Before the white man had established a habitation where Fort Laramie stands the whole of the country of the North Platte River was a hunting-ground and battle-field for different tribes of Indians. Countless herds of buffalo roamed the land and it was rich in fur-bearing animals, as well.

In 1834 William Sublette and Robert Campbell, coming to this part of the country to trap beaver, found themselves obliged to construct some sort of protection against the roving bands of vagabond Crows and Pawnees which occasionally swept along the Platte, stealing where they could. They built in that year upon the present site of Fort Laramie a square fort of pickets 18 feet high, with bastions at two diagonal corners, and a number of little houses inside for their employés. In 1835 they sold out to Milton Sublette, James Bridger and three other trappers, who went into partnership with the American Fur Company and continued the beaver trapping business.
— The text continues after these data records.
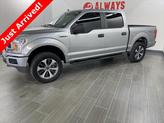 Photo of 2020 Iconic Silver Metallic Ford F-150
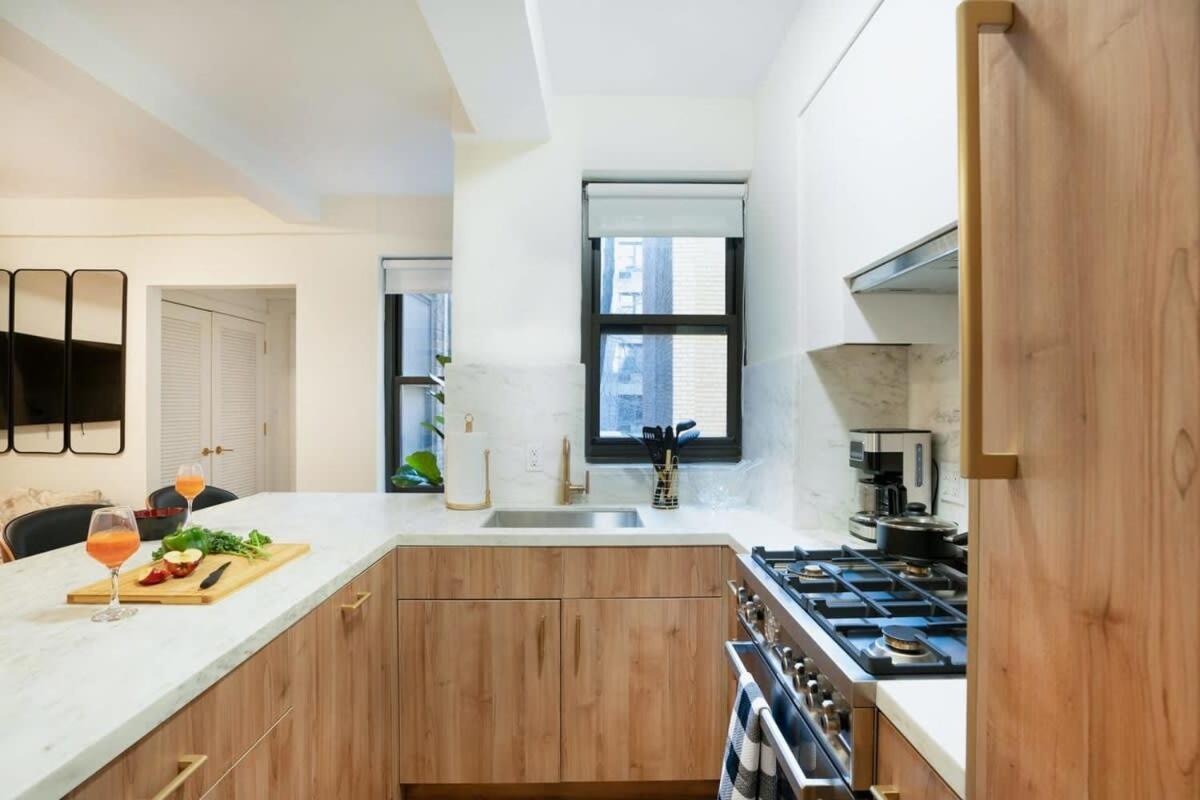 Appartamento 52-3de Newly Renovated 2br Bth Midtown East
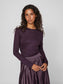 VIALEXIA Top - Plum Perfect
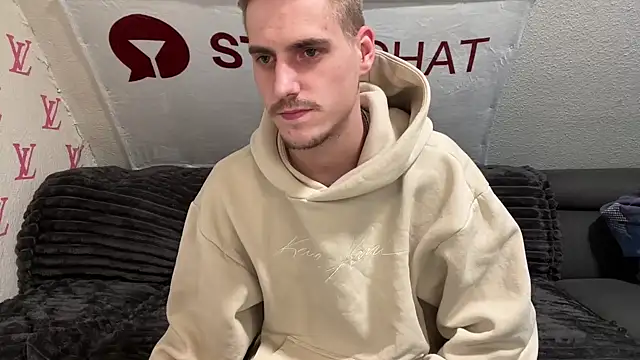 Cookieboy88 online show from 27, 2, 2025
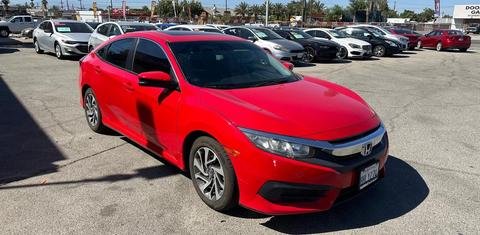 Honda Civic 2018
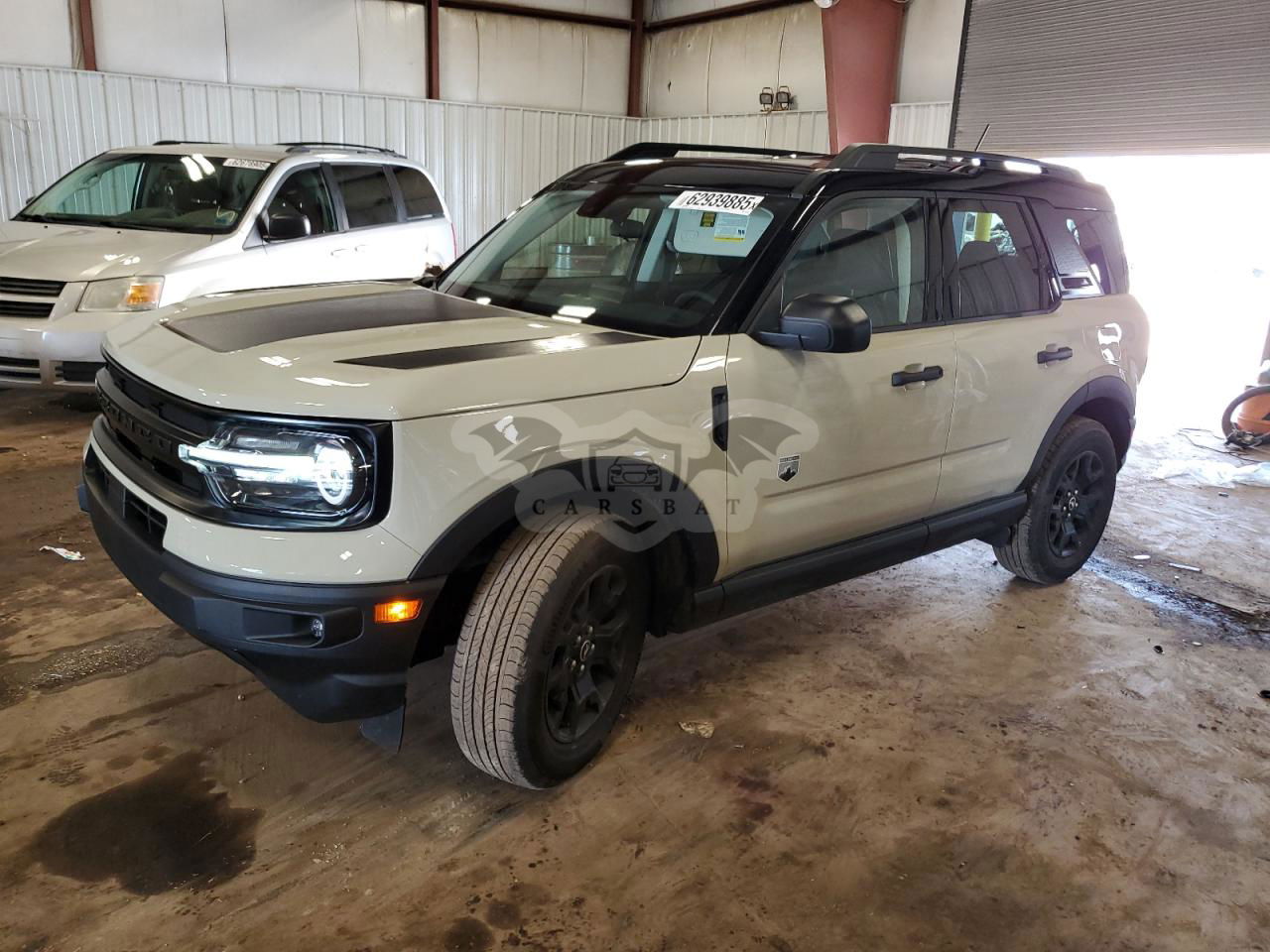 Ford Bronco BIG BEND 1.5L  3 2024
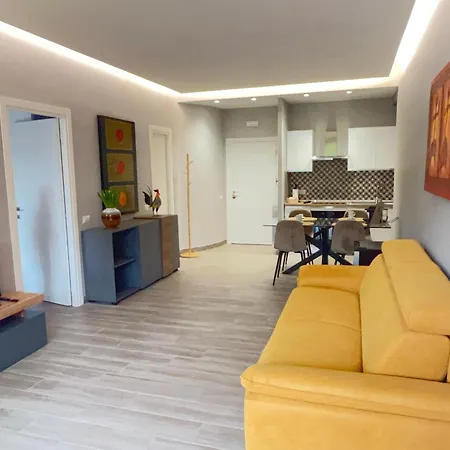 La Dimora Del Gallo Apartment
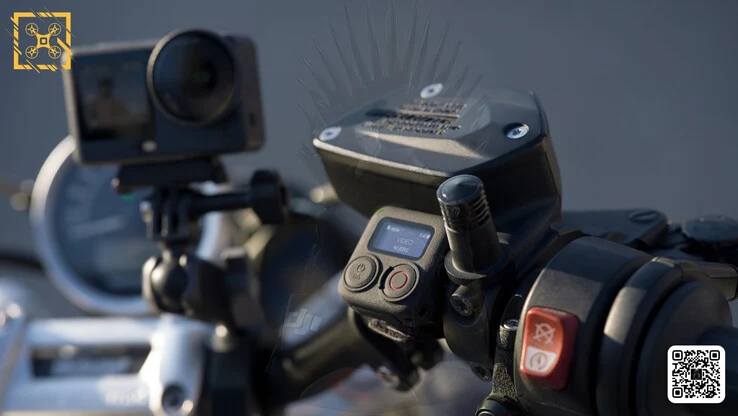 DJI Osmo Action 6 Leaked Footage Shows New 1-Inch CMOS Camera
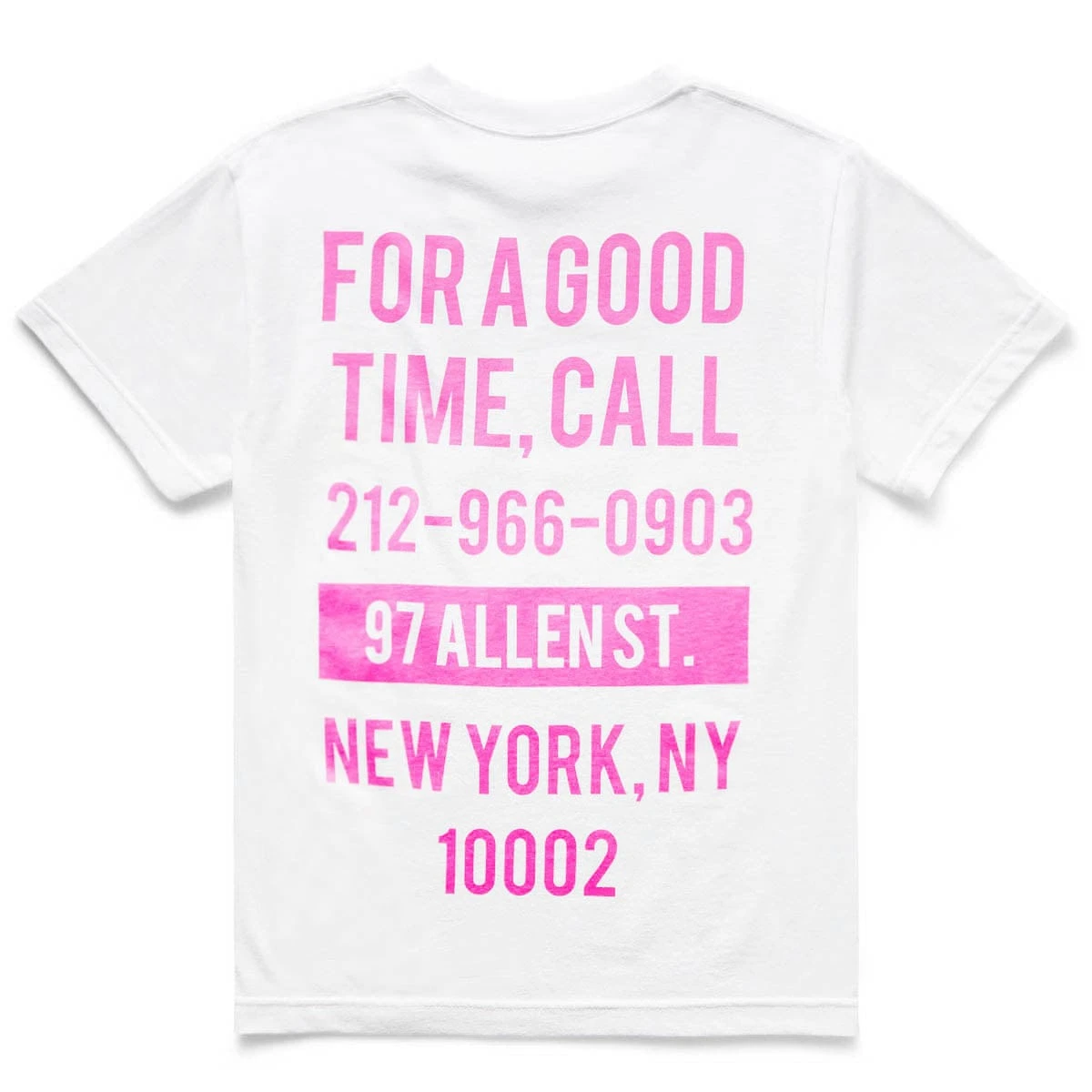 The Good Company GOOD TIME TEE - Image 2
In that year the American Fur Company sent two men named Kiplin and Sabille to the Bear Butte and Northern Black Hills to persuade the Sioux Indians to come over and hunt their game and live in the vicinity of the fort. Their ambassadors succeeded so well that they returned with over one hundred lodges of Oglala Sioux under Chief Bull Bear. This was the first appearance of the powerful Sioux nation in this part of the country, which they speedily overran, driving away Pawnees, Cheyennes, Crows and all others from its very borders.

Of course the fort speedily became a trading post where the Indians bartered a buffalo robe for a knife, an awl, or a drink of “fire water.” Anything that the company had to trade was at least of the value of one buffalo robe. An American horse brought fifty of them; any pony was worth twenty or thirty. Any old scrap of iron was of great value to an Indian and by him would be speedily converted into a knife. Fire-arms he had none and his arrow-heads were all made of pieces of flint or massive quartz, fashioned into proper shape by laborious pecking with another stone. The Sioux then had no horses, but herds of wild horses were abundant on their arrival and it was not many years before they learned their use.

In 1836 the picket fort began to rot badly and the American Fur Company rebuilt it of adobe at an expense of $10,000. The people who lived inside of the fort at this time called it “Fort William,” after William Sublette, but the name could not be popularized. The fort being built on the Laramie River, not far from Laramie Peak, the American Fur Company’s clerks in their city offices labelled it Fort Laramie and by that name it was destined to be called.

It seems that Laramie was a trapper, one of the first French voyageurs who ever trapped a beaver or shot a buffalo in the Rocky Mountains. He was one day killed by a band of Arapahoes on the headwaters of the stream which has ever since been called by his name.